Start of PROVIDED RECORDS

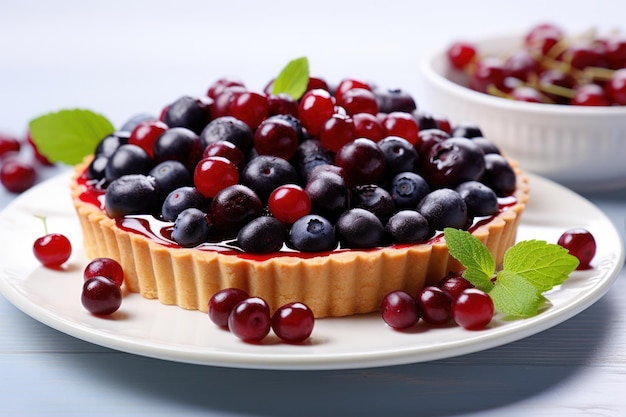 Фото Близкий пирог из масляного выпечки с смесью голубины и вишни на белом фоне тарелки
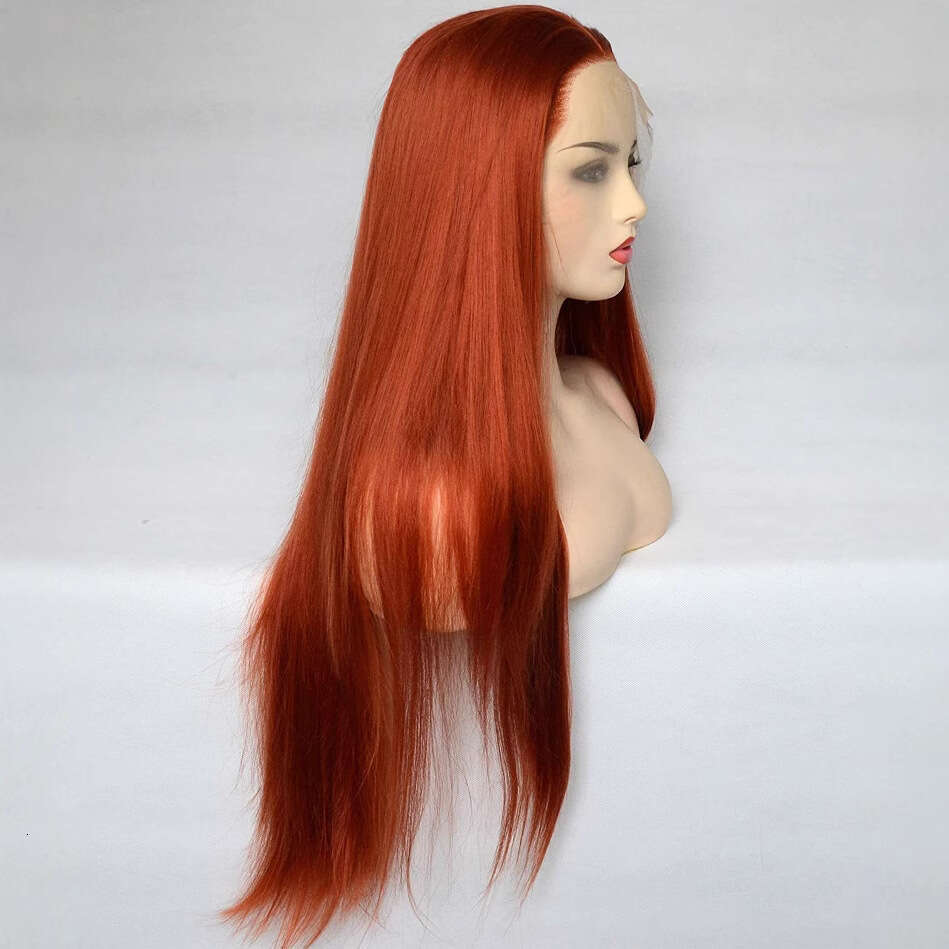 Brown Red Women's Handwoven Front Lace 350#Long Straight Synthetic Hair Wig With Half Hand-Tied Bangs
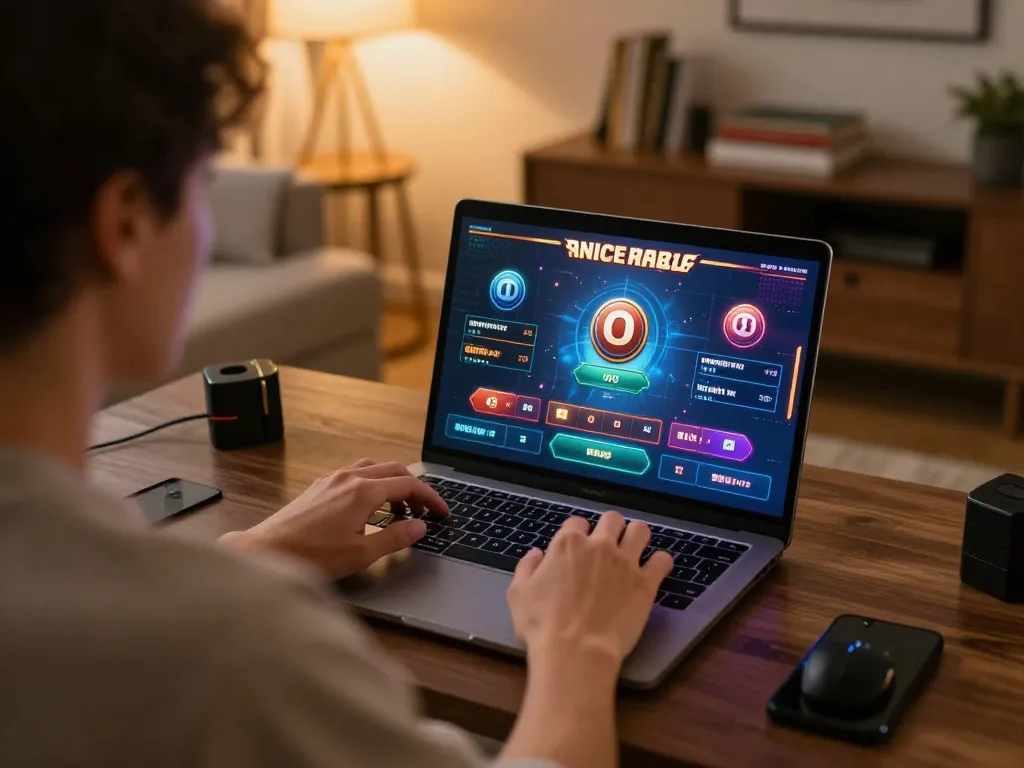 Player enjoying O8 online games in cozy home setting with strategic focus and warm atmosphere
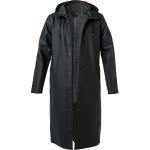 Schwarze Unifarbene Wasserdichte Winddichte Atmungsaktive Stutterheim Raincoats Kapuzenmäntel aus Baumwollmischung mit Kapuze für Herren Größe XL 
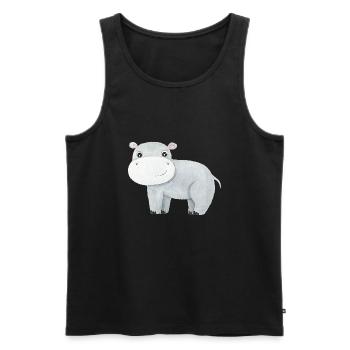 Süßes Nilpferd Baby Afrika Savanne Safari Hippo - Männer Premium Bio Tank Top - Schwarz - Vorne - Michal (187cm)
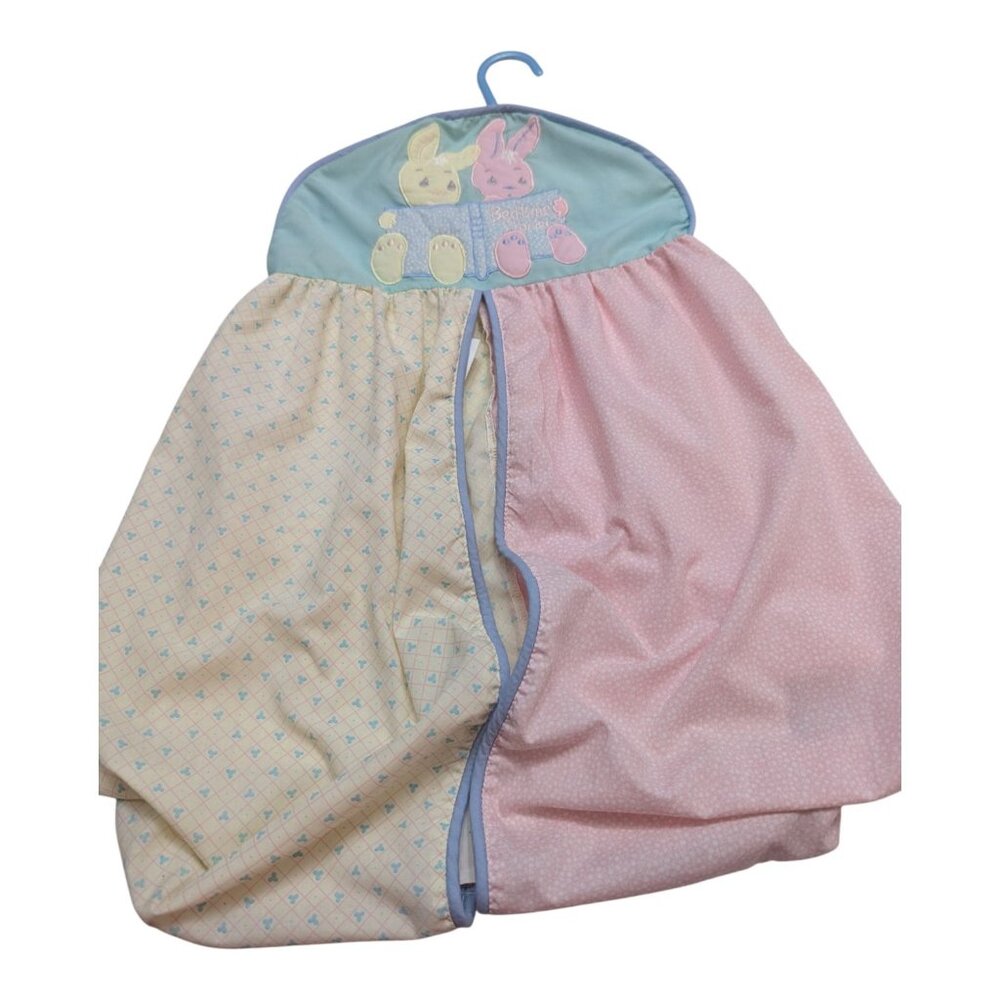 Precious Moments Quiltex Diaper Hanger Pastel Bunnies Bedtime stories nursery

End of PROVIDED RECORDS

Any picture in the listing above gets left out; output the rest exactly.

SOLUTION BELOW:
 Фото Близкий пирог из масляного выпечки с смесью голубины и вишни на белом фоне тарелки
 Brown Red Women's Handwoven Front Lace 350#Long Straight Synthetic Hair Wig With Half Hand-Tied Bangs
 Player enjoying O8 online games in cozy home setting with strategic focus and warm atmosphere
 Schwarze Unifarbene Wasserdichte Winddichte Atmungsaktive Stutterheim Raincoats Kapuzenmäntel aus Baumwollmischung mit Kapuze für Herren Größe XL 
 Süßes Nilpferd Baby Afrika Savanne Safari Hippo - Männer Premium Bio Tank Top - Schwarz - Vorne - Michal (187cm)
 Precious Moments Quiltex Diaper Hanger Pastel Bunnies Bedtime stories nursery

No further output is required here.